Nine people were killed in separate clashes overnight, including six members of Turkey's security forces and three Kurdish militants, officials said on Saturday, as violence showed little sign of a letup in Turkey's troubled south-east. Three special forces police officers and three Kurdistan Workers Party (PKK) militants were killed when gunbattles broke out along a highway in the remote province of Hakkari bordering Iraq and Iran, security sources said.
In a separate incident in Bitlis province north-west of Hakkari, three state-backed Kurdish village guards were killed when clashes broke out between PKK militants around 30 km from the provincial capital, the governor's office said. One Turkish soldier and three village guards were also wounded. Village guards are part of a local state-backed force that operates in towns and villages in eastern and south-eastern Turkey where PKK militants are most active. The PKK, considered a terrorist group by Turkey, the United States and the European Union, has carried out a spate of attacks on military targets in the past few months, stepping up a 28-year insurgency.

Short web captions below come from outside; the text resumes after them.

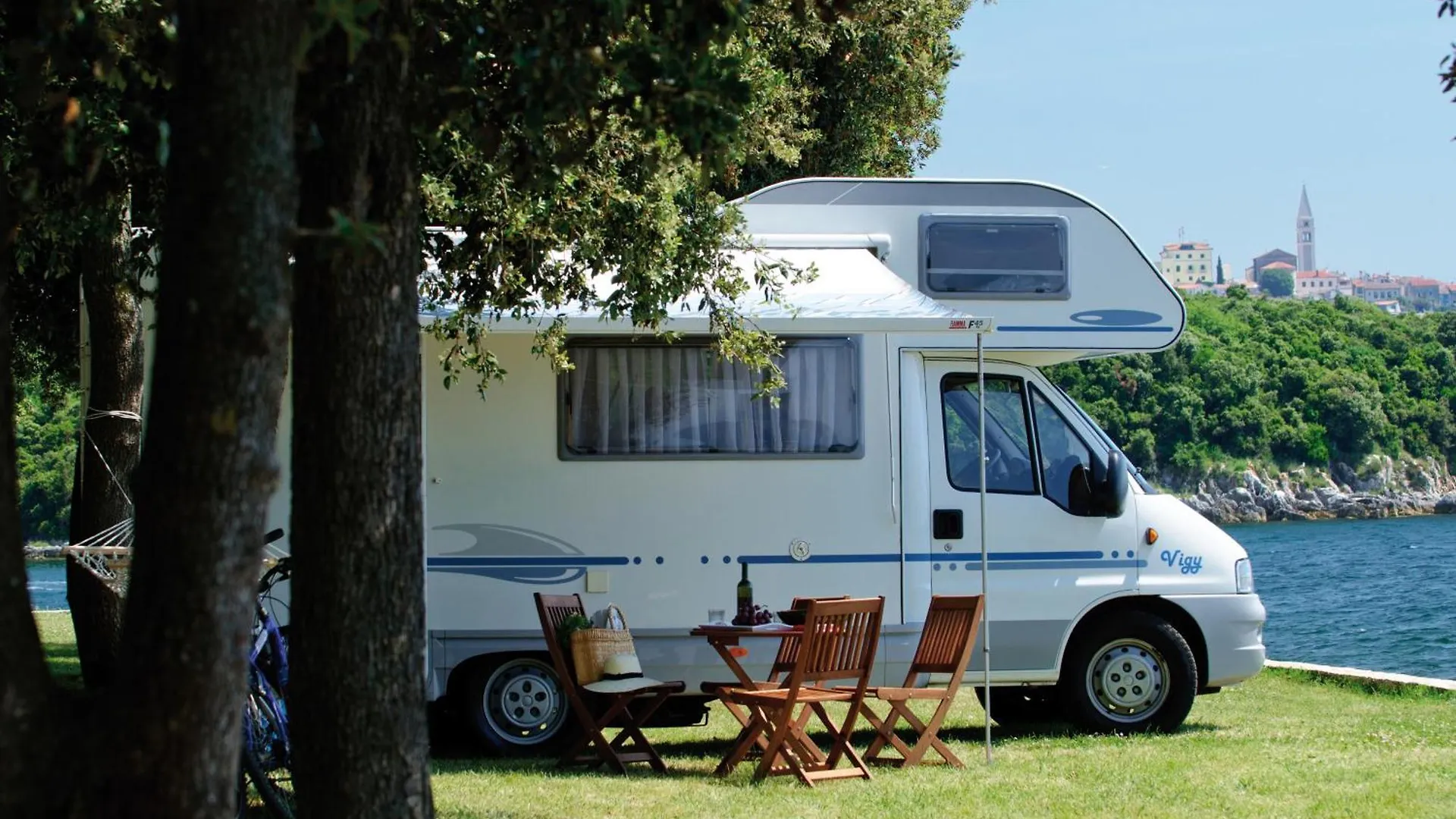 Maistra Camping Valkanela Pitches Funtana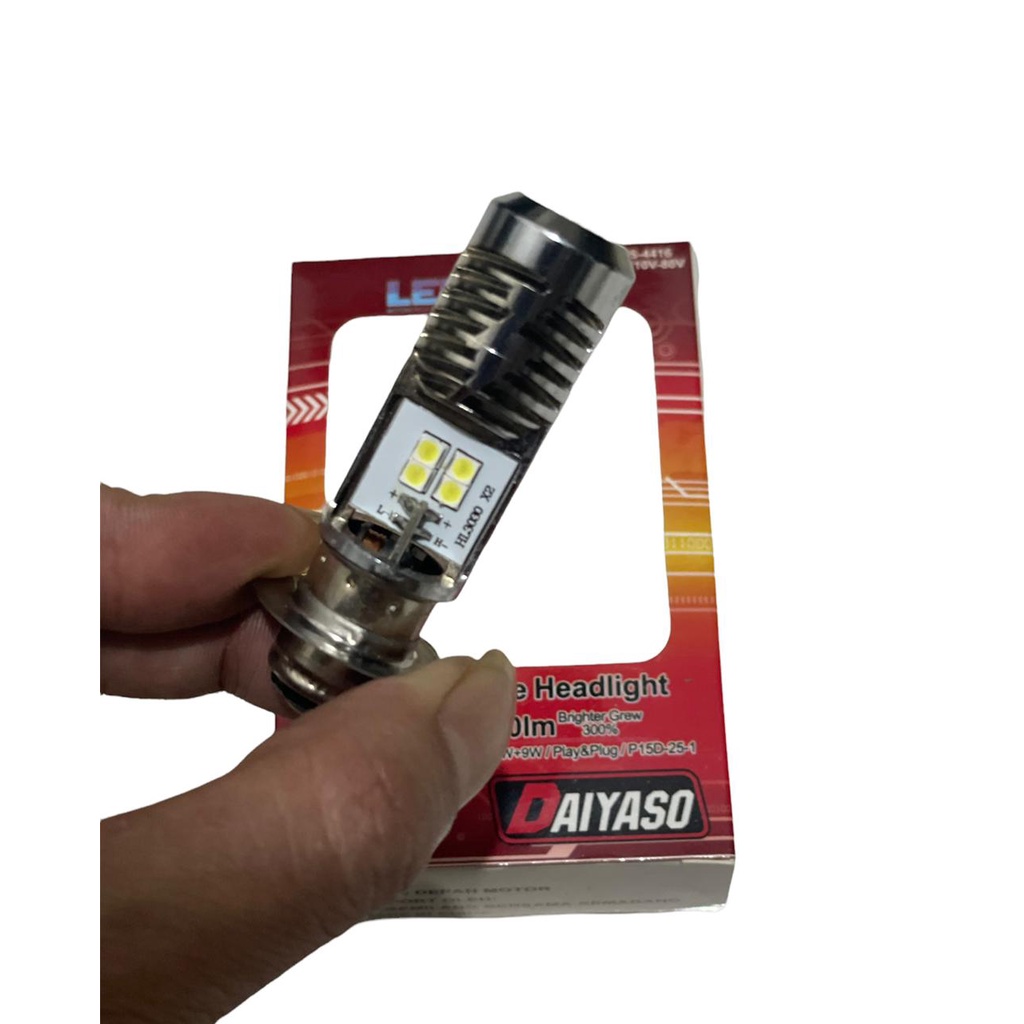 Bholam Depan Lampu Led Utama Depan 2 sisi AC/DC Motor Matic &amp; Bebek Universal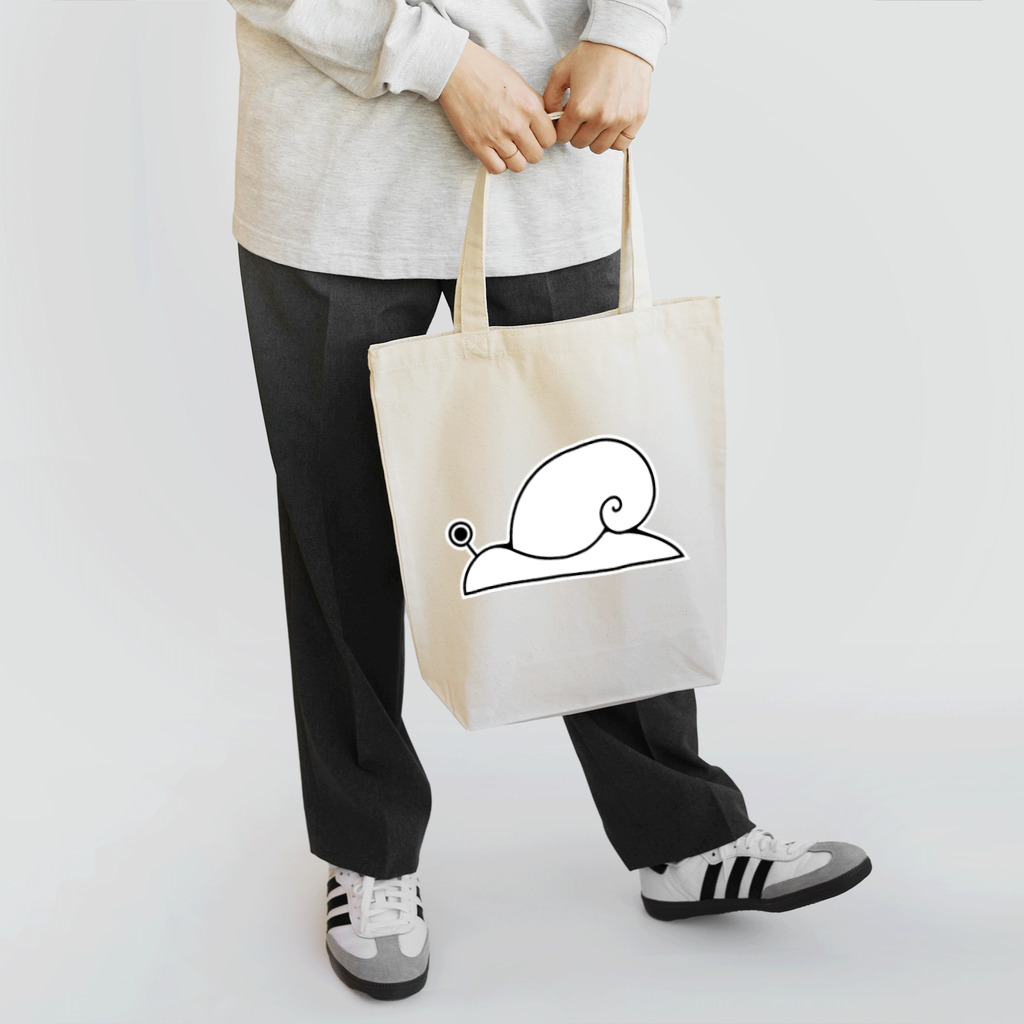 犬田猫三郎の黄金比カタツムリ Tote Bag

Fighting between the army and the PKK intensified over the summer, a development which Ankara sees as linked to the chaos in neighbouring Syria. Prime Minister Tayyip Erdogan has accused Syria's President Bashar al-Assad of arming the PKK militants. The fighting in Turkey over the past months was some of the heaviest since the PKK took up arms against the state in 1984. More than 40,000 people have been killed in the conflict.